DATA FOR THIS EXERCISE —
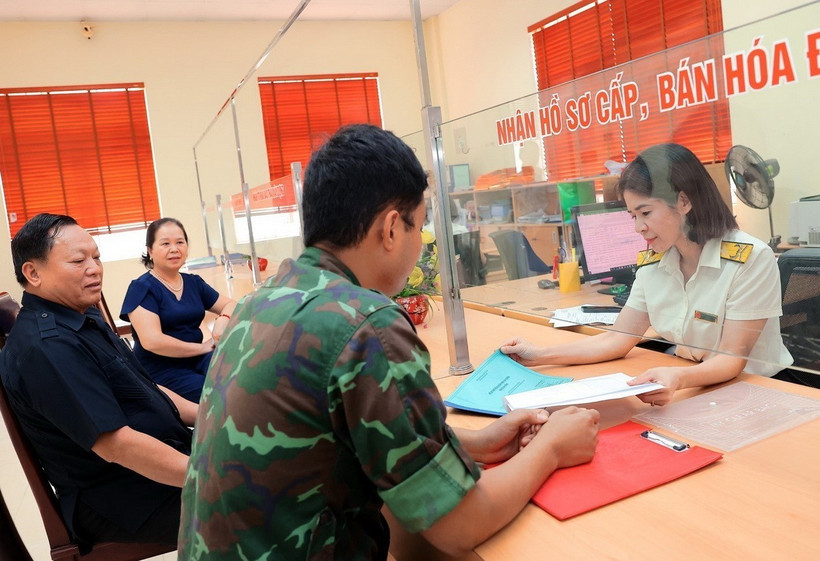 Công chức Chi cục Thuế thành phố Yên Bái hướng dẫn người dân làm thủ tục nộp thuế. (Ảnh: Phạm Hậu/TTXVN)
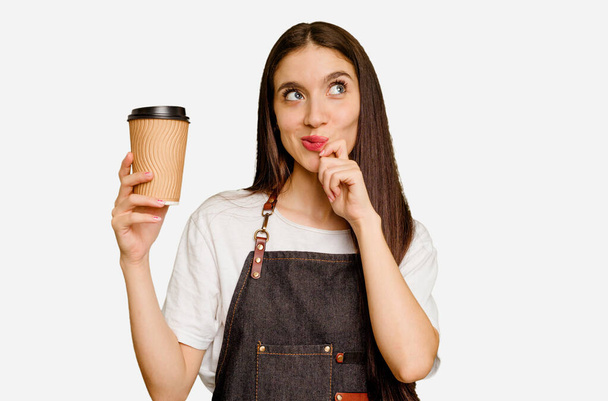 Молодая бариста держит кофе на вынос изолированный глядя в сторону с сомнительным и скептическим выражением лица. - Фото, изображение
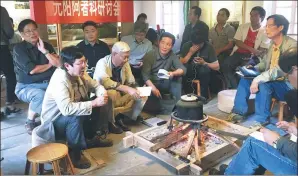  ?? FU ZHENGHUI / FOR CHINA DAILY ?? Zhu Liangwen (fifth from left) discusses the Azheke renovation project at the village in Yuanyang county, Yunnan province, with local officials and village leaders.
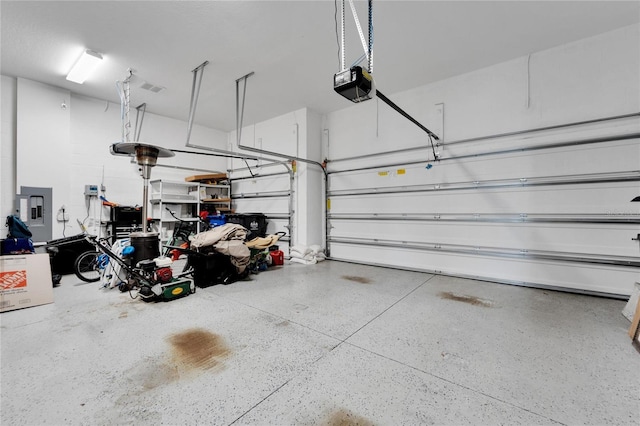 garage with a garage door opener and electric panel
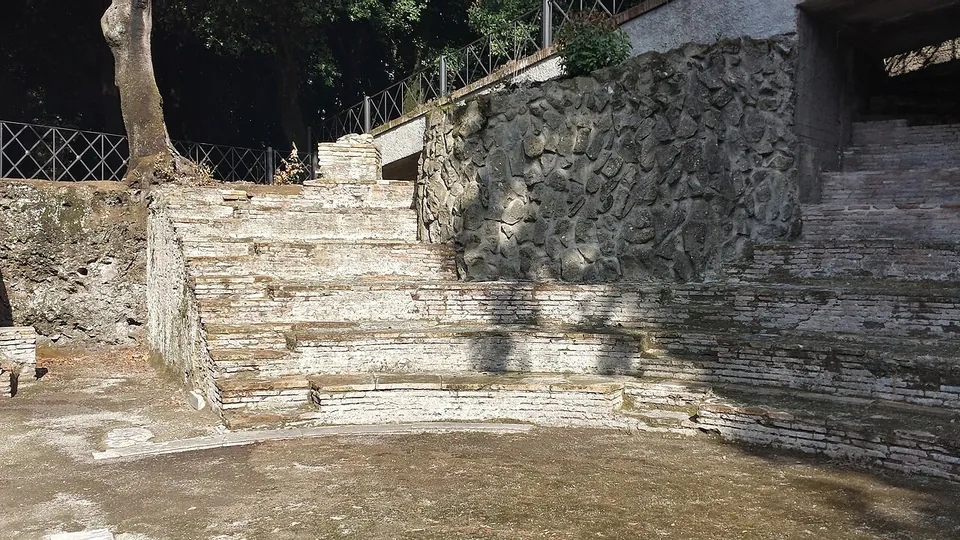 Curved tiers of stone and brick seating rising from a flat floor, with a wall of irregular dark stones beside them. A modern concrete walkway and railing run along the top, among trees.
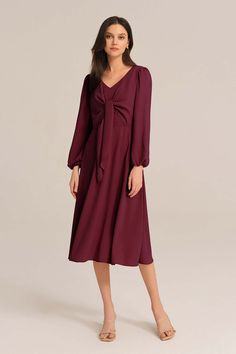 Radiate feminine charm in this dress. The delicate bow-knot detail adds a touch of sweetness, while the long sleeves provide a cozy and modest look. Perfect for any occasion, this midi dress effortlessly combines comfort and fashion.Material : 98%Polyester+2%ViscoseElasticity : NoneSku : CL2433A23*Package : 1*DressCare instructions:Do Not Bleach.Separate dark colors.Iron Low Heat. Chic Long Sleeve Dresses With Bow, Long Sleeve Dress With Bow For Fall, Long Sleeve Fall Dress With Bow, Fall Knee-length Dresses With Bow, Chic Long Sleeve Midi Dress With Bow, Red Long Sleeve Dress With Bow, Chic Midi Dress With Bow For Brunch, Feminine Red Midi Dress For Fall, Bodycon Floral Dress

PROBLEM TO SOLVE — Set every entry down again exactly as written, and omit the images.

EXERCISE SOLUTION —
 Công chức Chi cục Thuế thành phố Yên Bái hướng dẫn người dân làm thủ tục nộp thuế. (Ảnh: Phạm Hậu/TTXVN)
 Молодая бариста держит кофе на вынос изолированный глядя в сторону с сомнительным и скептическим выражением лица. - Фото, изображение
  ?? FU ZHENGHUI / FOR CHINA DAILY ?? Zhu Liangwen (fifth from left) discusses the Azheke renovation project at the village in Yuanyang county, Yunnan province, with local officials and village leaders.
 garage with a garage door opener and electric panel
 Curved tiers of stone and brick seating rising from a flat floor, with a wall of irregular dark stones beside them. A modern concrete walkway and railing run along the top, among trees.
 Radiate feminine charm in this dress. The delicate bow-knot detail adds a touch of sweetness, while the long sleeves provide a cozy and modest look. Perfect for any occasion, this midi dress effortlessly combines comfort and fashion.Material : 98%Polyester+2%ViscoseElasticity : NoneSku : CL2433A23*Package : 1*DressCare instructions:Do Not Bleach.Separate dark colors.Iron Low Heat. Chic Long Sleeve Dresses With Bow, Long Sleeve Dress With Bow For Fall, Long Sleeve Fall Dress With Bow, Fall Knee-length Dresses With Bow, Chic Long Sleeve Midi Dress With Bow, Red Long Sleeve Dress With Bow, Chic Midi Dress With Bow For Brunch, Feminine Red Midi Dress For Fall, Bodycon Floral Dress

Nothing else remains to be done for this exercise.